Mongeet will be held on January 15, 16, and 17 at Dekasang, Majuli, and on January 19 and 20 at Dekasang, Sadiya. This edition will also witness Montulika – a creative painting workshop and Monmritikka – a special workshop on the rich art and sculpture of Assam.
This is the only festival from Assam that is designed to promote music, art, culture and food “to educate people about our culture and introduce the rich musicians of our state to the world. When Adil Husain and I discussed the idea of giving back to society, and the need for Assam to have a soul song festival with high art for a global audience, we didn’t expect it to take wing so fast. Assam needed a fest through which we could show not just our music but our heritage, our crafts and cuisine,” says Kaushik, adding, “An Assamese meal is not just aloo pitika and dal bhaat.”
Foodwise
Renowned Assamese Chef Atul Lahkar will hold a masterclass, aharor Aakholi (food and traditional kitchen), to talk about food conservation, identification of ingredients, modern cooking methods in relation to indigenous techniques, and ways to promote regional cuisine. The idea behind Atul’s three-day workshop, starting January 12, is simple: It aims at “making our traditional food popular. That will help younger generations learn about it; the moment they learn, they will begin to protect it. When there is demand, it will restore the livelihood of indigenous people who survive on traditional methods such as dhuwa saang (smoking meats and fish), and by collecting edible herbs and helping us differentiate useful plants from weeds.

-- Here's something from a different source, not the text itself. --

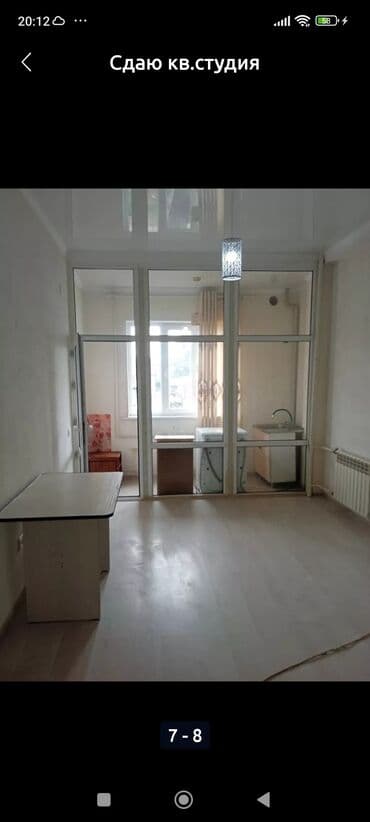 ипотека квартиры без первоначального взноса: 1 комната, 22 м², 2 этаж — 5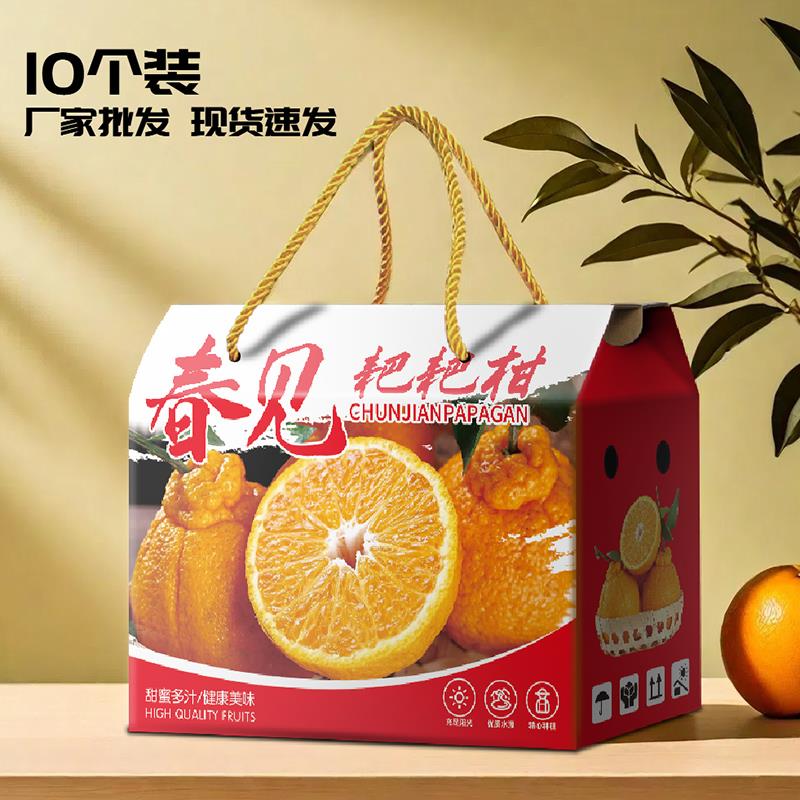 热销春见耙耙柑包装盒礼盒空盒子10斤装皇帝柑丑橘粑粑柑纸箱厂家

Citing an example of rosemary and parsley, Chef Atul says, “These ingredients are popular because of the dishes. Similarly, if we talk about bhedelota maas (fish curry with skunk vine), we can make use of and contribute to the preservation of skunk vine. We have lost many of our indigenous edible herbs to deforestation, now is the time to collect them and save them for the future.”
Chef Atul says his masterclass will share the knowledge he has collected over the last 25 years, as he visited and lived in various tribal hamlets to learn their way of life.